4.2 Patterns and variation
Staring at the numbers and character strings from a dataset is seldom useful. Consider the following data set USArrests
which is built into Base R.
## Murder Assault UrbanPop Rape
## Alabama 13.2 236 58 21.2
## Alaska 10.0 263 48 44.5
## Arizona 8.1 294 80 31.0
## Arkansas 8.8 190 50 19.5
## California 9.0 276 91 40.6
## Colorado 7.9 204 78 38.7
## Connecticut 3.3 110 77 11.1
## Delaware 5.9 238 72 15.8
## Florida 15.4 335 80 31.9
## Georgia 17.4 211 60 25.8
The head()
function returns, in this case, the first 10 rows of the data frame USArrests
. Even with this small fragment we get a limited picture. There are four variables (columns) and presumably at least 10 observations (or instances or rows). We can see the data type of the variables (note that str()
which also reveals the exact number of observations.

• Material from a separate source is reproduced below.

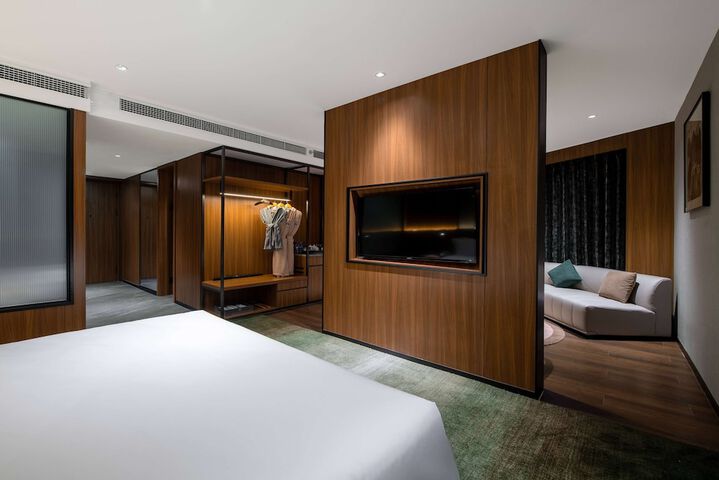 Room 2 of 44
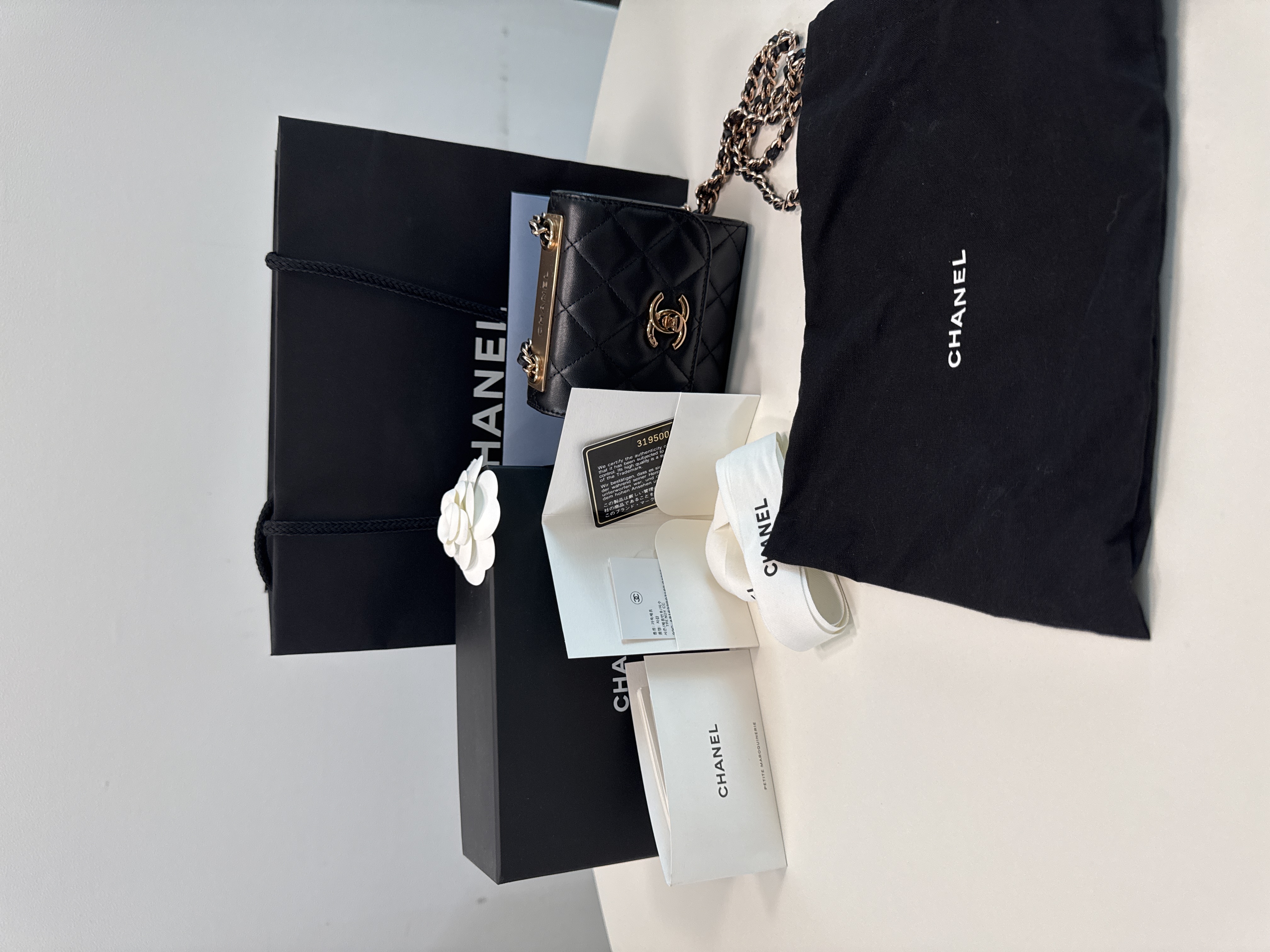 샤넬 미니 cc 골드 체인 램스킨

## 'data.frame': 50 obs. of 4 variables:
## $ Murder : num 13.2 10 8.1 8.8 9 7.9 3.3 5.9 15.4 17.4 ...
## $ Assault : int 236 263 294 190 276 204 110 238 335 211 ...
## $ UrbanPop: int 58 48 80 50 91 78 77 72 80 60 ...
## $ Rape : num 21.2 44.5 31 19.5 40.6 38.7 11.1 15.8 31.9 25.8 ...
Without further information concerning the meaning or even the units for each variable our EDA is going to be limited. In this case, since the data set is built, we can use the help to discover more, e.g., help("USArrests")
.
The next step is to use summary or descriptive statistics to begin to answer questions such as what are typical values and how are the variables dispersed (vary). Extreme values, often referred to as outliers can be of particular interest so for this reason we have an entire Sub- Section on this topic.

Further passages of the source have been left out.